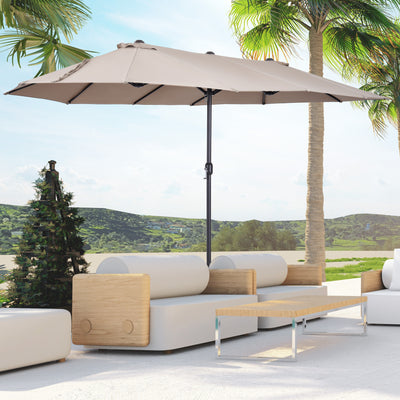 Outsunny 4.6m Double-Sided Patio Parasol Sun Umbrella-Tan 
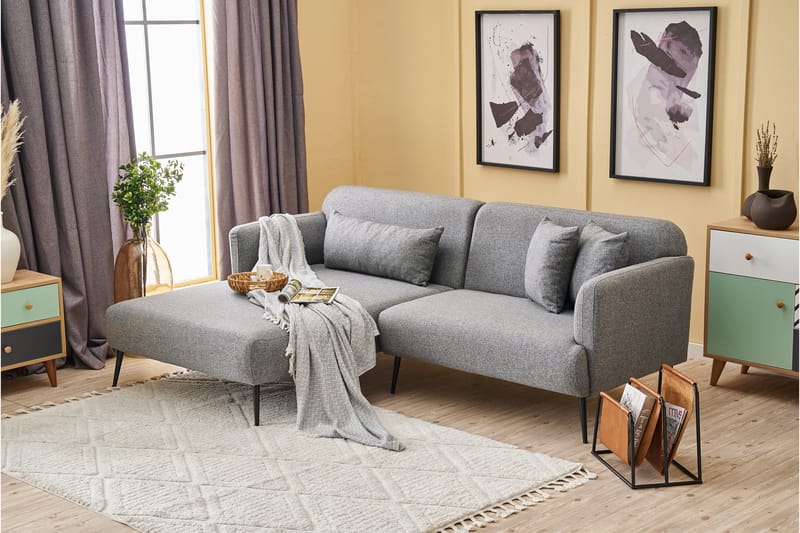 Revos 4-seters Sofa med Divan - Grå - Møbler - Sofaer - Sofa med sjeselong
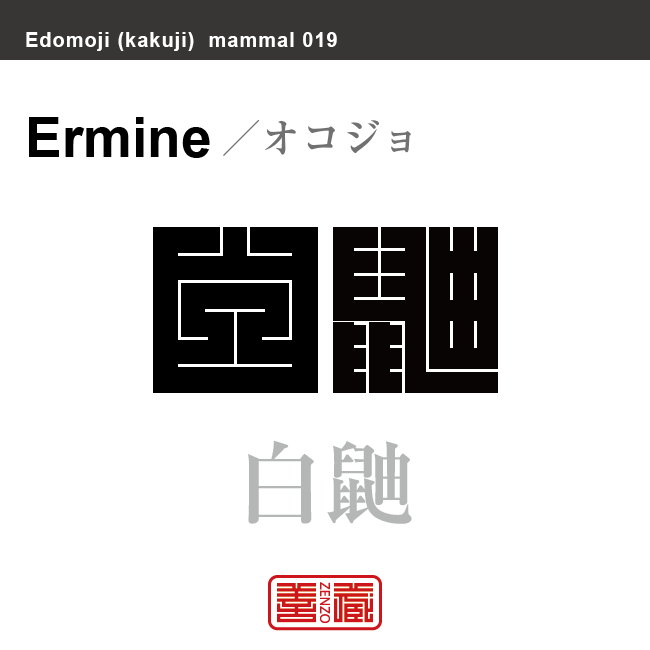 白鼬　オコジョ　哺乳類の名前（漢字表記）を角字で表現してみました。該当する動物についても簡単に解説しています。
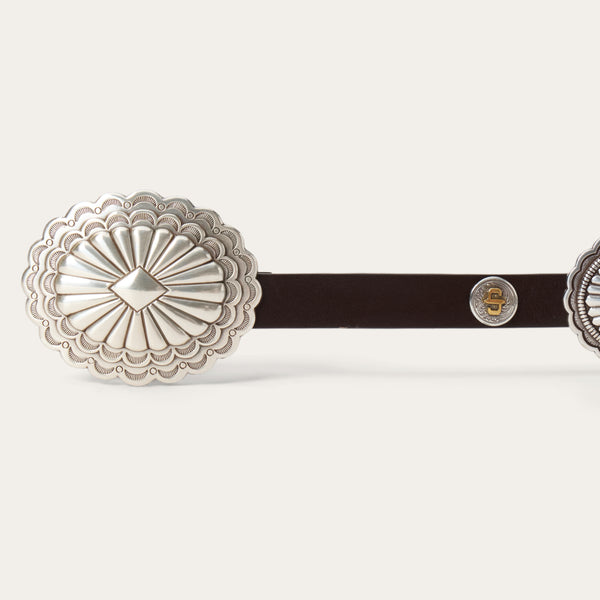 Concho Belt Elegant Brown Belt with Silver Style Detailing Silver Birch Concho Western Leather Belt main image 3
★ ★ ★
**Brief**
Reproduce the data word for word, excluding its pictures.

**Solution for this task**
 Outsunny 4.6m Double-Sided Patio Parasol Sun Umbrella-Tan 
 Revos 4-seters Sofa med Divan - Grå - Møbler - Sofaer - Sofa med sjeselong
 白鼬　オコジョ　哺乳類の名前（漢字表記）を角字で表現してみました。該当する動物についても簡単に解説しています。
 Concho Belt Elegant Brown Belt with Silver Style Detailing Silver Birch Concho Western Leather Belt main image 3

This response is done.